=== Collected data ===

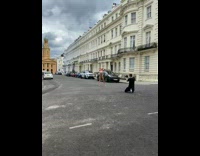 Bikini girl stands street brown church building 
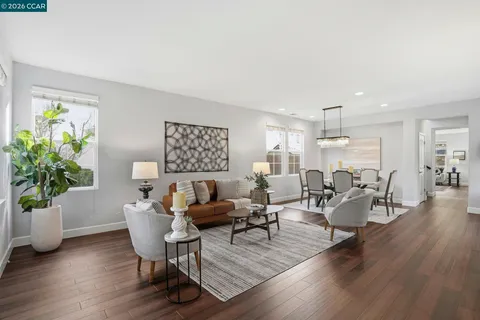 a living room with lots of furniture and a large window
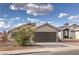 Lovely single story home showcasing a two car garage and desert landscaping in front at 6438 Rose Tree Ln, Las Vegas, NV 89156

===

- [Task to complete]: Output the data verbatim, images excluded.

- [Output]:
 Bikini girl stands street brown church building 
 a living room with lots of furniture and a large window
 Lovely single story home showcasing a two car garage and desert landscaping in front at 6438 Rose Tree Ln, Las Vegas, NV 89156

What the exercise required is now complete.